[Crawled caption data]

▼▼▼

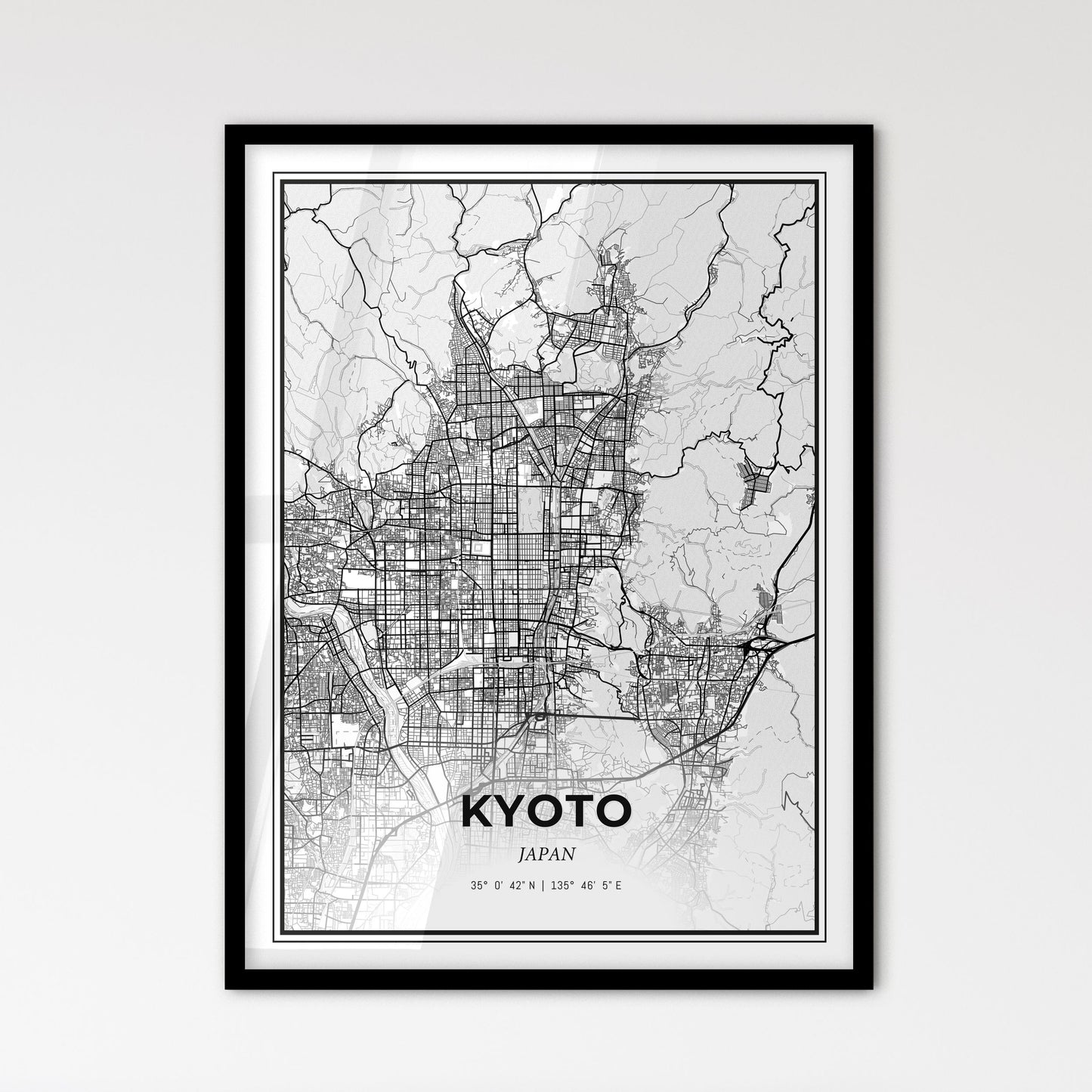 Kyoto Japan - Scandinavian Style City Map for Modern Home Decor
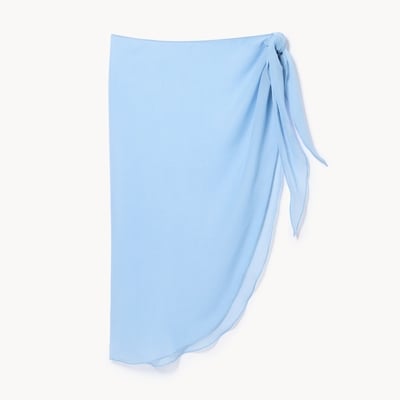 Woven Sarong Cover-Up - Light Blue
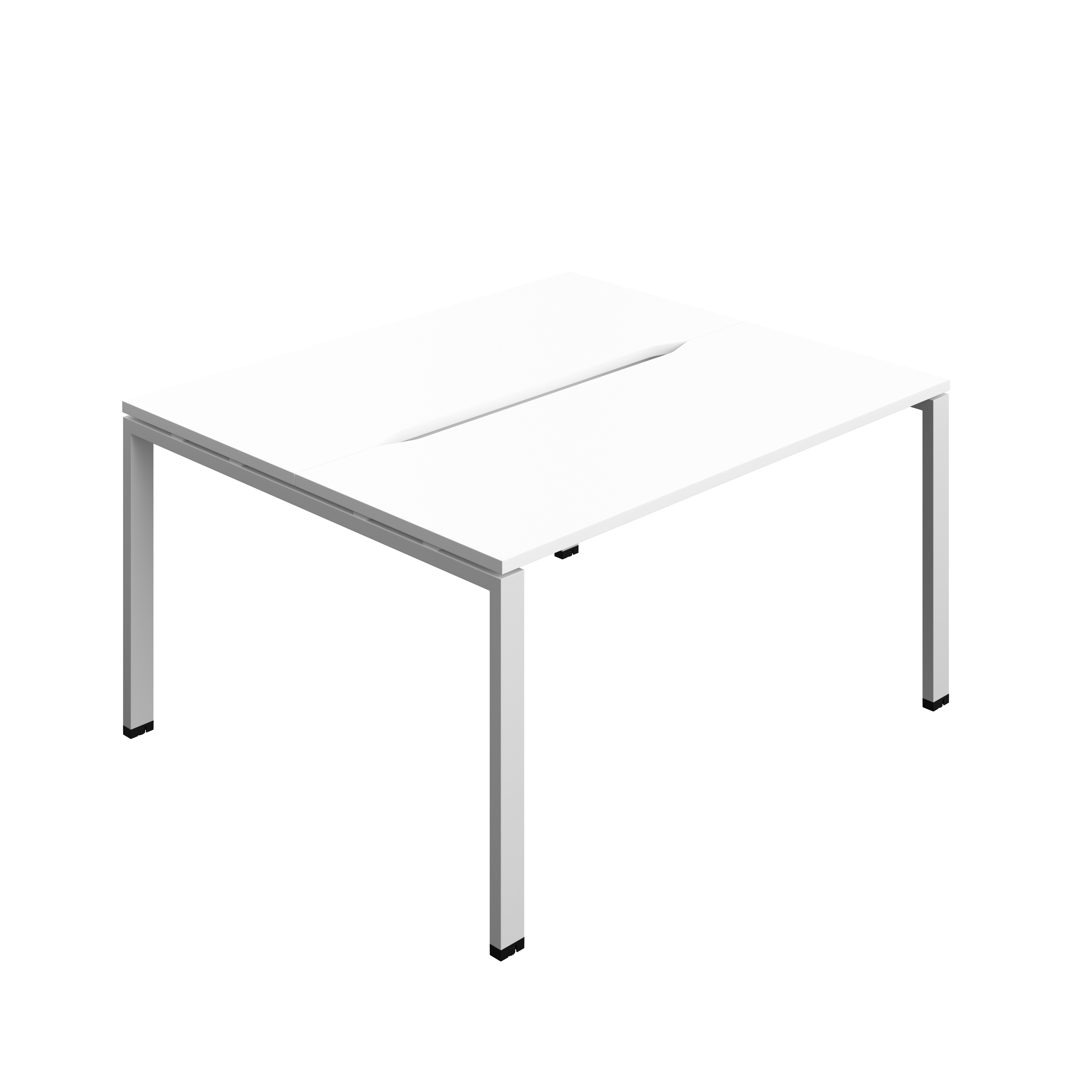 Synergy Bench with Cut Out: 2 Person (FSC) : Goal Post Leg : 1400 | 600 | White/Silver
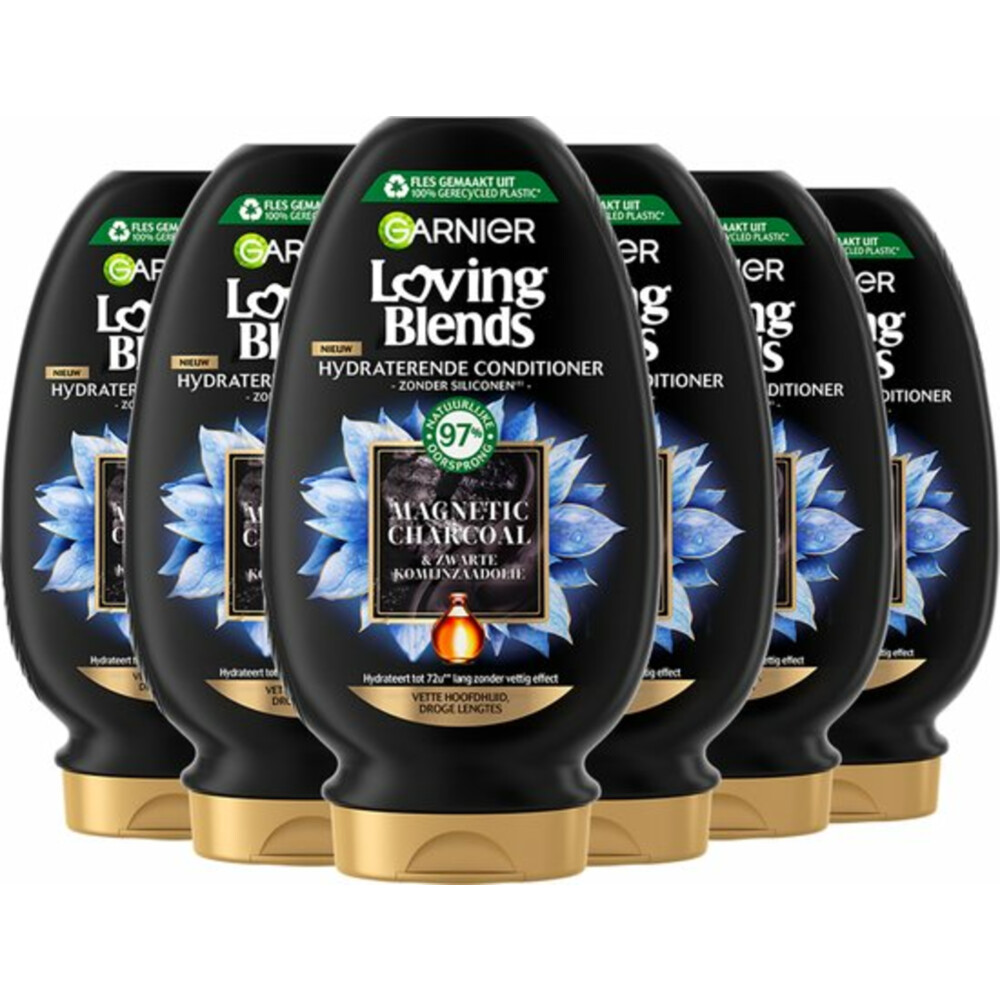 6x Garnier Loving Blends Conditioner Magnetic Charcoal 250 ml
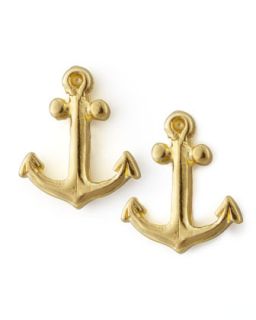 Golden Anchor Stud Earrings   Dogeared   Gold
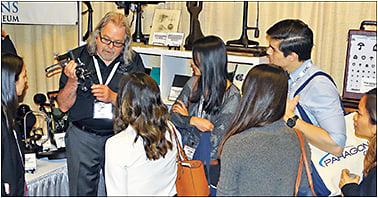 Figure 1. Patrick Caroline giving a demonstration in The Contact Lens Museum.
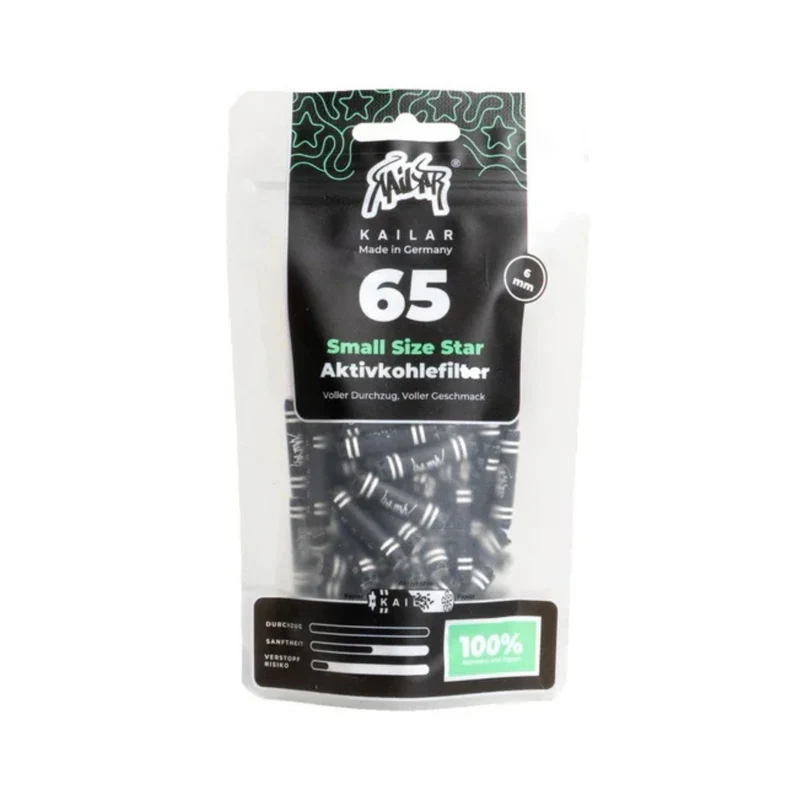 Kailar Small Size Star Papier Aktivkohlefilter 5,9 mm – 65 Stück
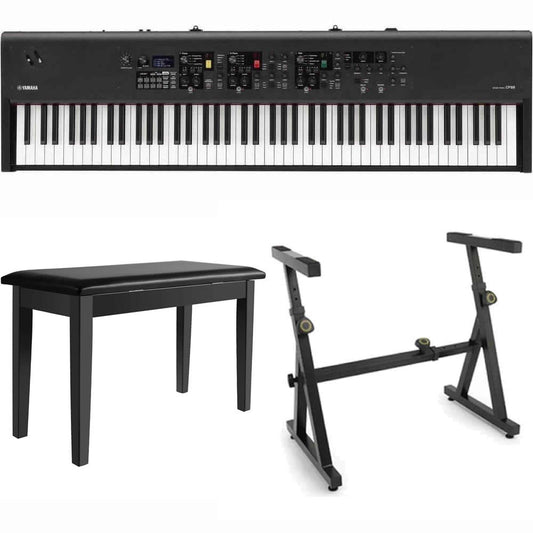 Yamaha CP88 88-Key Stage Piano Bundle with Heavy Duty Z-Stand, and Black Padded Piano Bench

▲▲▲

Assigned task:
Write out all the entries word for word, but skip any images.

Answer space:
 Kyoto Japan - Scandinavian Style City Map for Modern Home Decor
 Woven Sarong Cover-Up - Light Blue
 Synergy Bench with Cut Out: 2 Person (FSC) : Goal Post Leg : 1400 | 600 | White/Silver
 6x Garnier Loving Blends Conditioner Magnetic Charcoal 250 ml
 Golden Anchor Stud Earrings   Dogeared   Gold
 Figure 1. Patrick Caroline giving a demonstration in The Contact Lens Museum.
 Kailar Small Size Star Papier Aktivkohlefilter 5,9 mm – 65 Stück
 Yamaha CP88 88-Key Stage Piano Bundle with Heavy Duty Z-Stand, and Black Padded Piano Bench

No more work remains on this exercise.